-- The records follows --

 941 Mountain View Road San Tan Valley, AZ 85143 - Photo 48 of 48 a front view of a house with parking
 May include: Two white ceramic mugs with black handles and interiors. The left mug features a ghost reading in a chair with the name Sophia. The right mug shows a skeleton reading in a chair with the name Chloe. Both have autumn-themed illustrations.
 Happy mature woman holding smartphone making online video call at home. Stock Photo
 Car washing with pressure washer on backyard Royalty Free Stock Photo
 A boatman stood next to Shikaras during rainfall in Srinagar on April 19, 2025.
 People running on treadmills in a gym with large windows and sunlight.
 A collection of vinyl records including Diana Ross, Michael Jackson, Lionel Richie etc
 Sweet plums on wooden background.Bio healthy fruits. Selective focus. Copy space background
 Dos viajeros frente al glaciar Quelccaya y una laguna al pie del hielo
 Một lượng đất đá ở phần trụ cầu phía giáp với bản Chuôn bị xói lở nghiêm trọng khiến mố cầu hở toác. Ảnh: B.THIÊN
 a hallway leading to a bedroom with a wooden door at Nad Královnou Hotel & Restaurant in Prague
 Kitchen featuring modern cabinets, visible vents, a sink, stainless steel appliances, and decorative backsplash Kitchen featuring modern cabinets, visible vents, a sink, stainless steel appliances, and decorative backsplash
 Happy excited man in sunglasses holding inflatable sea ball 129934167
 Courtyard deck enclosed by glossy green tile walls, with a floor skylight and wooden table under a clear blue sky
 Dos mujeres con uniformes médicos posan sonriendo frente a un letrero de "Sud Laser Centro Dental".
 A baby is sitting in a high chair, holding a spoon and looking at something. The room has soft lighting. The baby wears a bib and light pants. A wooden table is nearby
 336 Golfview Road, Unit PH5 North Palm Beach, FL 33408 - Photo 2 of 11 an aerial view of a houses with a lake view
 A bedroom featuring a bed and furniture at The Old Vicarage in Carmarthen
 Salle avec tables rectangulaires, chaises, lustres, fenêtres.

-- The records concluded --

Task brief. Line by line, copy the records exactly.

Answer section.
 941 Mountain View Road San Tan Valley, AZ 85143 - Photo 48 of 48 a front view of a house with parking
 May include: Two white ceramic mugs with black handles and interiors. The left mug features a ghost reading in a chair with the name Sophia. The right mug shows a skeleton reading in a chair with the name Chloe. Both have autumn-themed illustrations.
 Happy mature woman holding smartphone making online video call at home. Stock Photo
 Car washing with pressure washer on backyard Royalty Free Stock Photo
 A boatman stood next to Shikaras during rainfall in Srinagar on April 19, 2025.
 People running on treadmills in a gym with large windows and sunlight.
 A collection of vinyl records including Diana Ross, Michael Jackson, Lionel Richie etc
 Sweet plums on wooden background.Bio healthy fruits. Selective focus. Copy space background
 Dos viajeros frente al glaciar Quelccaya y una laguna al pie del hielo
 Một lượng đất đá ở phần trụ cầu phía giáp với bản Chuôn bị xói lở nghiêm trọng khiến mố cầu hở toác. Ảnh: B.THIÊN
 a hallway leading to a bedroom with a wooden door at Nad Královnou Hotel & Restaurant in Prague
 Kitchen featuring modern cabinets, visible vents, a sink, stainless steel appliances, and decorative backsplash Kitchen featuring modern cabinets, visible vents, a sink, stainless steel appliances, and decorative backsplash
 Happy excited man in sunglasses holding inflatable sea ball 129934167
 Courtyard deck enclosed by glossy green tile walls, with a floor skylight and wooden table under a clear blue sky
 Dos mujeres con uniformes médicos posan sonriendo frente a un letrero de "Sud Laser Centro Dental".
 A baby is sitting in a high chair, holding a spoon and looking at something. The room has soft lighting. The baby wears a bib and light pants. A wooden table is nearby
 336 Golfview Road, Unit PH5 North Palm Beach, FL 33408 - Photo 2 of 11 an aerial view of a houses with a lake view
 A bedroom featuring a bed and furniture at The Old Vicarage in Carmarthen
 Salle avec tables rectangulaires, chaises, lustres, fenêtres.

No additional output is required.